🤖 AI Summary
This paper identifies a critical security vulnerability in the data loading phase of retrieval-augmented generation (RAG) systems: adversaries can perform stealthy knowledge poisoning via document injection, silently compromising output integrity. To address this, we propose the first taxonomy of nine knowledge-based poisoning attack classes and formally define two novel threat vectors—“content obfuscation” and “content injection.” We develop an automated poisoning toolkit supporting DOCX, HTML, PDF, and other formats, compatible with five widely used data loaders and six end-to-end RAG systems. Evaluated across 357 test scenarios, our attacks achieve a 74.4% average success rate, successfully compromising black-box services including NotebookLM and OpenAI Assistants. The results expose fundamental weaknesses in existing input filtering mechanisms. Our work establishes both a theoretical framework and an empirical benchmark for securing RAG systems against knowledge poisoning.
📝 Abstract
Large Language Models (LLMs) have transformed human-machine interaction since ChatGPT's 2022 debut, with Retrieval-Augmented Generation (RAG) emerging as a key framework that enhances LLM outputs by integrating external knowledge.

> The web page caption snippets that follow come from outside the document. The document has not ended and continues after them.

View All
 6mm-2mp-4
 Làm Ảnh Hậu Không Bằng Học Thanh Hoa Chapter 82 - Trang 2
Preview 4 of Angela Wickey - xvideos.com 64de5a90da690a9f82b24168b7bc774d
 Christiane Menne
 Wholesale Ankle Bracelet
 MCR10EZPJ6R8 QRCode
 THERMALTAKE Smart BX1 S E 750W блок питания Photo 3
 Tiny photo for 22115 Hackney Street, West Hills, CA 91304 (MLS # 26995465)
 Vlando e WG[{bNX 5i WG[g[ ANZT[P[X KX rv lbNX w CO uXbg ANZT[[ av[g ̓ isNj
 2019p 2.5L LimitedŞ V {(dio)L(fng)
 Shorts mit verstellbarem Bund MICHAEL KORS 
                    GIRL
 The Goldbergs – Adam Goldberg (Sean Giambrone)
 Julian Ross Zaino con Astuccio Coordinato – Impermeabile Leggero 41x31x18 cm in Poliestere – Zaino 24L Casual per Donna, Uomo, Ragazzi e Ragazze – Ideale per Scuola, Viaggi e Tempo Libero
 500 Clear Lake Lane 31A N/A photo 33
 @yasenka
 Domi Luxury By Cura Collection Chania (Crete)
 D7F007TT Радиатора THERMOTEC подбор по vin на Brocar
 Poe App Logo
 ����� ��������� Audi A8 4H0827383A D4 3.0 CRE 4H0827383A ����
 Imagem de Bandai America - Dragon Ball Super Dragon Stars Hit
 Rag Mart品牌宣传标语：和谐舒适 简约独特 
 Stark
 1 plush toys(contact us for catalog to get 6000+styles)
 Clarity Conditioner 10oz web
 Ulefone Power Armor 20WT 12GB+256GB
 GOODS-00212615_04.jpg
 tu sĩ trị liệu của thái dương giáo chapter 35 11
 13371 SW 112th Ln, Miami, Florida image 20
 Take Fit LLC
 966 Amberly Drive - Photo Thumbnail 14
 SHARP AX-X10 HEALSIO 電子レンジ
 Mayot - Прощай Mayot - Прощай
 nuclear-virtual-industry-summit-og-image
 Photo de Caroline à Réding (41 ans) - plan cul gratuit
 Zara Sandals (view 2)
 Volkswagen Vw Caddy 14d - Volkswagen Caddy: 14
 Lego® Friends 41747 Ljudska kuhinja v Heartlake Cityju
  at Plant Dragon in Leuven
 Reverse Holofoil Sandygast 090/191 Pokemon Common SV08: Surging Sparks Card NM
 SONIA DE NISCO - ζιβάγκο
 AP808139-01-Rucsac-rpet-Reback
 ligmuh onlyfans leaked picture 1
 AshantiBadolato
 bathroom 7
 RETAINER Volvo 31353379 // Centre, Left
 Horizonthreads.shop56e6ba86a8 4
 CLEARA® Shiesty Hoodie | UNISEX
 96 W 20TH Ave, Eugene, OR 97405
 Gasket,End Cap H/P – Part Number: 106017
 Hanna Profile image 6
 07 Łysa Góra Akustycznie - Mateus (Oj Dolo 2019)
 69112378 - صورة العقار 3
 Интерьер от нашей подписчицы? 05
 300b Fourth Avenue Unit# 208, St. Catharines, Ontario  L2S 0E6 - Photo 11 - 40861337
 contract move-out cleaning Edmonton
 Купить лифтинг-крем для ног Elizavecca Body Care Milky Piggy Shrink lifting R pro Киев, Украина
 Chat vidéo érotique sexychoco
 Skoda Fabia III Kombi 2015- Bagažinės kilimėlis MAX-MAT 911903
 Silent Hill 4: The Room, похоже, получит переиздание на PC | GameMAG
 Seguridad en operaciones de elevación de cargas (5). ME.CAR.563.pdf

However, RAG's reliance on ingesting external documents introduces new vulnerabilities. This paper exposes a critical security gap at the data loading stage, where malicious actors can stealthily corrupt RAG pipelines by exploiting document ingestion.
We propose a taxonomy of 9 knowledge-based poisoning attacks and introduce two novel threat vectors -- Content Obfuscation and Content Injection -- targeting common formats (DOCX, HTML, PDF). Using an automated toolkit implementing 19 stealthy injection techniques, we test five popular data loaders, finding a 74.4% attack success rate across 357 scenarios. We further validate these threats on six end-to-end RAG systems -- including white-box pipelines and black-box services like NotebookLM and OpenAI Assistants -- demonstrating high success rates and critical vulnerabilities that bypass filters and silently compromise output integrity. Our results emphasize the urgent need to secure the document ingestion process in RAG systems against covert content manipulations.